Testosterone-a steroid hormone in both men and women
While most commonly associated with male physical and functional characteristics, the hormone testosterone is present at much smaller levels in females as well. There, as it does in males, the hormone produces sex drive and also helps regulate menstrual periods. Excessive testosterone in females can also cause a deepening of voice and the growth of facial hair.
But yes, testosterone is primarily a male hormone. Most is manufactured in the testes and the male hormone level is regulated by signals from the pituitary gland located at the base of the brain. If the testosterone level drops low, the pituitary releases a luteinizing hormone that causes the testes to increase testosterone production. The pituitary gland is, in turn, stimulated by the hypothalamus which detects the testosterone level and releases the gonadotropic-releasing hormone to the pituitary. Thus, a continuous relationship exists as the hypothalamic-pituitary-testicular axis.
Testosterone levels can be reduced for several reasons. Aging often brings the level down as will Zinc deficiency.
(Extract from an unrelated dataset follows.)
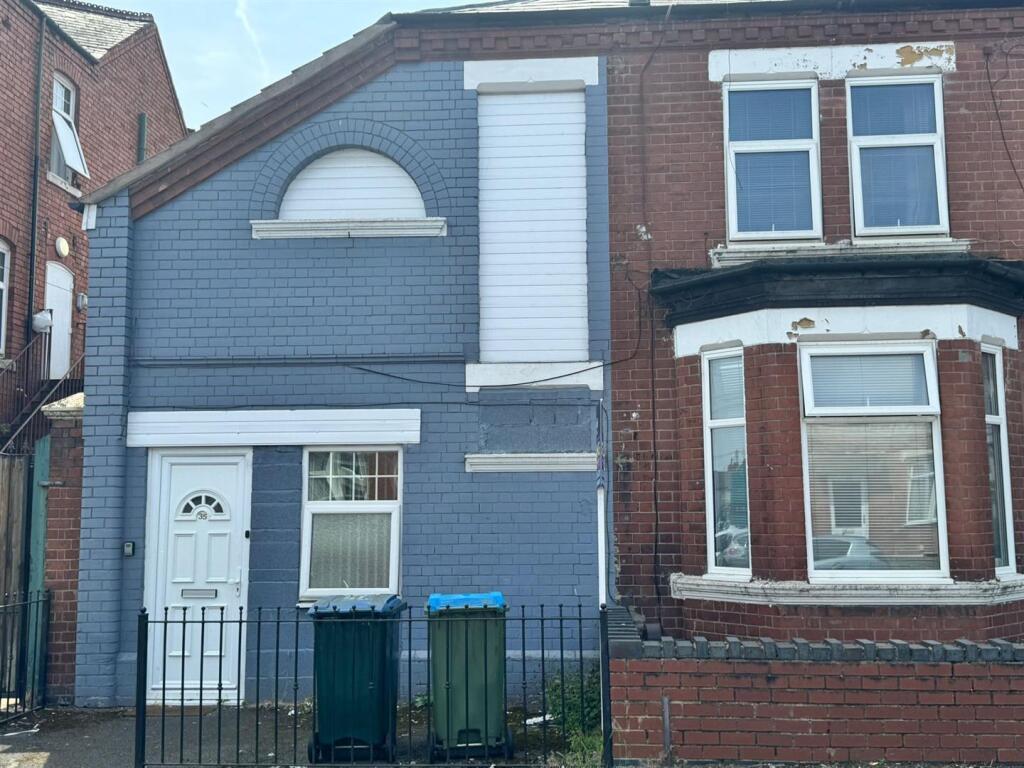 4 bedroom detached house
An external stimulus such as loss of domination or status in men can also reduce the level.
While we mostly hear about failure of male sex drive and erectile dysfunction as a result of low testosterone levels, there are other problems that result from lack of that hormone. These include the possibility of osteoporosis, high blood pressure, elevated cholesterol as well as low red blood cell reproduction. Deficiency can also result in cardiovascular disease (CVD) and heart attack. Higher than normal testosterone levels can induce high risk behavior, aggressiveness, and even smoking. Therefore treatment for deficiency in this important androgen hormone should be carefully monitored. Other effects of low testosterone can be development of type 2 diabetes an increased risk of Alzheimer’s disease, obesity and depression. There is also statistical evidence of early mortality.
In females, testosterone is generated at much lower levels in the adrenal gland and in the ovaries. Female testosterone deficiency has been known to contribute to breast cancer and irregular menstruation as well as CVD. Oddly over-treatment of the deficiency through use of the drug Estratest, a mix of estrogen and methyltestosterone can also increase the risk of breast cancer.
Testosterone and other anabolic steroids also have often been used by athletes to enhance muscle development and endurance. However, the tendency toward excessive use of such systemic additives has led to intra sport regulation and/or prohibition of such steroid use. Such abuse has been known to contribute to increases in aggressive behavior. Tests for steroid levels are usually based on required urine samples from athletes.
Treatment for testosterone deficiency may include direct injection, transdermal patches , subcutaneous pellets, gels or oral therapy. Side effects are not major and include oily skin or slight acne. However caution is advised if there is any possibility of prostate cancer in male patients. Testosterone therapy can accelerate prostate cancer, and all males should be tested for that condition with a rectal examination and administration of prostate specific antigen (PSA) before therapy begins. Some male patients have complained of breast development but this can be offset by the use of parallel medication that will reduce sex hormone binding globulin.
All in all, treatment for testosterone deficiency in males has been carried out with a good safety record for more than sixty years.